How to pick k? Too small and the speedup is negligible. Too large and you waste compute on tail tokens that are almost certainly rejected. Engineering experience: k = 4–6 is the sweet spot. Below 4, the acceleration is barely noticeable. Above 6, marginal returns diminish rapidly.

The distribution shift trap. If the task distribution is far from the draft model's training distribution — say, using a 7B to draft poetry for a 70B — the 7B has no idea how the 70B will choose its words. Acceptance rate can drop below 10%. At that point a < 1, and Speculative Decoding is strictly worse than autoregressive — and it gets worse as k increases. This is the single most important thing to watch for in production.

All Speculative Decoding does is play this inequality game, round after round.

A quick reality anchor: in practice, well-matched draft/target pairs (same family, similar training data) achieve a = 2.5–4.0 on code and structured text tasks — comfortably above the 1 + α + β threshold. Unmatched pairs (different model families, different tokenizers, or high-entropy tasks like free-form dialogue) often land at a = 1.0–1.5, right in the marginal zone where overhead eats the gain. This is why your mileage varies more by task than by model size.

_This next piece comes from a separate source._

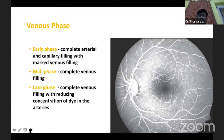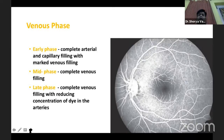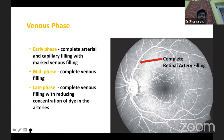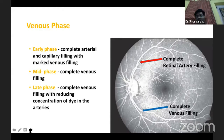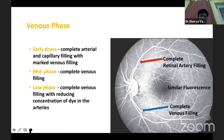Then comes the venous phase, which can be divided into early, mid, and late phase depending on the fluorescence of the vein compared to the artery. If the artery fluoresces more than the vein, it is the early venous phase. If both show the same fluorescence, it is the mid venous phase. If the vein fluoresces more than the artery, it is the late venous phase. In this photograph, both show complete filling with similar fluorescence, indicating mid venous phase.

4. Measuring Your Own Acceptance Rate — A Monday-Morning Checklist

Before you trust any vendor's benchmark, measure your own a.

Here's what you do:

Step 1: Instrument the verification boundary. Insert a logging hook between the draft model and the target model's verification pass. For each request, log the draft length k, the acceptance length a, and the number of regeneration steps. Any inference framework that supports SD (TensorRT-LLM, vLLM with speculative decoding, HF generate() with assistant_model) exposes these counters — or you can patch them in ~50 lines.

Step 2: Collect 500+ samples per task type. Don't average across all traffic — your code completion requests and your creative writing requests will have drastically different a values. Split by: task category, prompt length bucket, response length bucket. 500 samples per bucket gives you a stable mean and a useful p50/p90/p99 spread.

Step 3: Check the worst decile. The mean a might be 3.2, but if the bottom 10% of requests have a < 1, those requests are paying more than they would without SD. In a latency-sensitive system, the p10 a matters more than the mean.

Step 4: Run the inequality per bucket. Plug each bucket's a into a > 1 + α + β. If code completion passes but free-form dialogue fails, you have a deployment strategy: enable SD for the code route, disable it for the chat route.

This isn't optional calibration. It's the difference between "SD saves us 40% latency" and "SD makes our p99 worse and we can't figure out why."

5. What DSpark Does Well: Confidence-Based Scheduling

Once you understand the inequality above, DSpark's core contribution becomes obvious: Confidence-based Scheduling.

DSpark adds a confidence head to the draft model. For each draft token, it outputs a "survival probability." The scheduler uses this to dynamically decide how many tokens to verify:

High-confidence suffix → verify more tokens; longer block, bigger speedup
Low-confidence suffix → truncate early; don't waste compute verifying likely-wrong tokens

In the inequality framework: DSpark dynamically adjusts k via the confidence head — maximizing the expected acceptance length a while minimizing the wasted α overhead.

Win, you accelerate. Lose, you stop the bleeding early. It turns Speculative Decoding from blind betting into informed gambling.

6. So, Is It Worth Using?

It's not a yes/no question. It's a "depends."

Use it when:

The task distribution is predictable and the draft model's hit rate is high (code completion, common QA patterns)
You're doing batched inference, where every bit of per-request speedup compounds
You already have a small model that shares the target's tokenizer

Don't use it when:

The task is open-ended and unpredictable, and the draft model's guesses are unreliable (creative writing, complex reasoning — hit rate can collapse)
Request volume is low and the overhead of deploying an extra model can't be amortized
You're latency-sensitive and can't tolerate a worse p99 tail (because on a full miss, SD is slower)

A pragmatic rule:

If you're running high-volume LLM inference, Speculative Decoding is worth evaluating. But don't trust the "85% speedup" number. A/B test on your data and your model pair. Measure your actual acceptance rate. Plug it into a > 1 + α + β.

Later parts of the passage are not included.